Have several students read to the class the scriptures cited in the second paragraph of the commentary, paying attention to the titles of Jesus Christ in these passages.
Ask questions like the following. Use information in the commentary to help your discussion.
Why are shepherds so important?
What do shepherds do?
How are hirelings different from shepherds?
How might sheep react differently under the care of a shepherd than under a hireling?
What did Jesus do during His mortal ministry that teaches us what it means to be a shepherd?
Concept 2. Family and Church Leaders Should Strive to Follow the Pattern of Leadership Set By the Lord.
The Lord tells Church and family leaders to be shepherds. President James E. Faust taught: “Tonight I would like to speak to the priesthood of God in their capacity as the Lord’s shepherds. Elder Bruce R. McConkie stated: ‘Anyone serving in any capacity in the Church in which he is responsible for the spiritual or temporal well-being of any of the Lord’s children is a shepherd to those sheep. The Lord holds his shepherds accountable for the safety [meaning the salvation] of his sheep’ [Mormon Doctrine, 2nd ed. (1966), 710]. The bearers of the priesthood have this great responsibility, whether it is father, grandfather, home teacher, elders quorum president, bishop, stake president, or other Church calling” (in Conference Report, Apr. 1995, 62; or Ensign, May 1995, 45–46).
We can only become good shepherds as we grow close to the Lord.
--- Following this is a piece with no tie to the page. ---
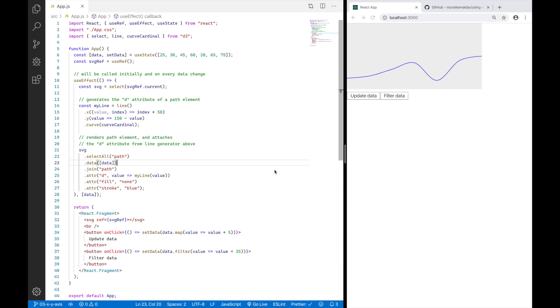Hi, this is Mori reporting from Berlin. And this is part three of my Using React Hooks with D3 series. And in this video, I want to show you how to add an X and a Y axis to your chart.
Elder Henry B. Eyring explained: “He who sees all things, whose love is endless, and who never sleeps—He watches with us. He knows what the sheep need at every moment. By the power of the Holy Ghost, He can tell us and send us to them. …
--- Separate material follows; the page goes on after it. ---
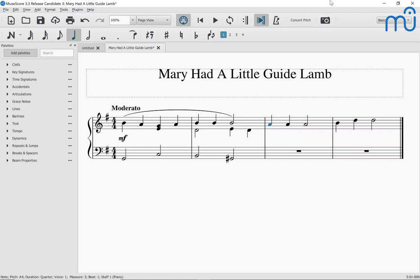Tab and Shift Tab move through all the different toolbars and windows. From the score, Shift Tab usually takes you straight to the palettes window. We are in the palettes window, as you will know when we start navigating within it by pressing Tab. Add palettes button. Search box where we could search for specific markings — if we know their names. I'm going to hit Tab again and navigate with the down arrow through the palettes: Clefs, Key signatures, Time signature, Accidentals, Articulation, Grace notes, Lines, Bar lines, Text, Tempo, Dynamics — not selected. So I'm now on the dynamics palette.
“It is love that must motivate the shepherds of Israel. That may seem difficult at the start, because we may not even know the Lord well. But if we begin with even a little grain of faith in Him, our service to the sheep will increase our love for Him and for them. It comes from simple things that every shepherd must do. We pray for the sheep, every one for whom we are responsible. When we ask, ‘Please tell me who needs me,’ answers will come. A face or a name will come into our minds. Or we may have a chance meeting that we feel isn’t chance. In those moments we will feel the love of the Savior for them and for us. As you watch over His sheep, your love for Him will grow. And that will increase your confidence and your courage” (in Conference Report, Mar.–Apr. 2001, 51; or Ensign, May 2001, 39–40).
Display the pictures at the end of this lesson. Which one did the Savior exemplify? Why?
Read Moroni 7:47 as a class. Discuss charity, and point out that, since charity is the pure love of Christ, when we have charity for others, we love them as He loves us. Discuss why this attitude is important to family and Church leaders.
Discuss why family and Church leaders should be shepherds to those they lead (see the commentary).
Read the statement by Elder Eyring from the commentary. Discuss questions such as:
According to Elder Eyring, what can increase our confidence and courage as leaders?
How does service relate to love?
What conditions in the world call for our leaders to be good shepherds?
How can we determine what expressions of love and concern are appropriate in our role as leaders?
Have students read Alma 56:3–11, 17, 43–49, 55–56, and discuss these verses as a class. Ask questions such as:
Do you think Helaman was a good shepherd? Why?
How did the two thousand young men led by Helaman respond to his leadership?
Do you think these two thousand young men would have been less successful under a different style of leadership? Why?
Encourage students to develop Christlike love for everyone so that they will be prepared to be good shepherds when the opportunity comes.